## Task statement
Go through the data underneath and report how many lines hold the string "Apartment", giving only the number.

· · · ·

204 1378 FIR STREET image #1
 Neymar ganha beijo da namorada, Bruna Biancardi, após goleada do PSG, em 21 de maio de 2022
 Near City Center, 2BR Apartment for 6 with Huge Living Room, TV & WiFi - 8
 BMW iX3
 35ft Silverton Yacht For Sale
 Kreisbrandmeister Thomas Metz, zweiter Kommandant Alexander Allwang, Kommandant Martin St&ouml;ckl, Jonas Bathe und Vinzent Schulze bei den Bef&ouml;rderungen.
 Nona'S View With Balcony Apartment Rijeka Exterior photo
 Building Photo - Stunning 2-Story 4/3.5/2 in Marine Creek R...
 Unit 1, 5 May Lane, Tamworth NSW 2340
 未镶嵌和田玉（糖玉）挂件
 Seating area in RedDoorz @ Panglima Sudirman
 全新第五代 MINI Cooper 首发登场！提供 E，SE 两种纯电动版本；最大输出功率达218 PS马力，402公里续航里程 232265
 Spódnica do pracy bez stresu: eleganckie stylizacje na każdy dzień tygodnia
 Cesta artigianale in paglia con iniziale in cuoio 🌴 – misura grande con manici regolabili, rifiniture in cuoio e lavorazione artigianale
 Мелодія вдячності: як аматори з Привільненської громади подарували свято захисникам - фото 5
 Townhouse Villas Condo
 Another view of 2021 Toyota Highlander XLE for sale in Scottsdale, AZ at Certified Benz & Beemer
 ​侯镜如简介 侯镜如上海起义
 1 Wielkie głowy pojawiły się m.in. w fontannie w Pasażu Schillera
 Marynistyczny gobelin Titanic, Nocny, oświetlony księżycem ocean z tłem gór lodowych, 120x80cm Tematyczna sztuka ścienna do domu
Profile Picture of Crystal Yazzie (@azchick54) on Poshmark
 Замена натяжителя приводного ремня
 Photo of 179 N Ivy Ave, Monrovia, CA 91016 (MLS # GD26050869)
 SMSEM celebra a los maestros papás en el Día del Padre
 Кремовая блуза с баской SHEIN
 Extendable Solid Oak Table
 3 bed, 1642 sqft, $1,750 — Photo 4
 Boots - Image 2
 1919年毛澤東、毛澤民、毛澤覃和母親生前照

· · · ·

## Solution to this problem
2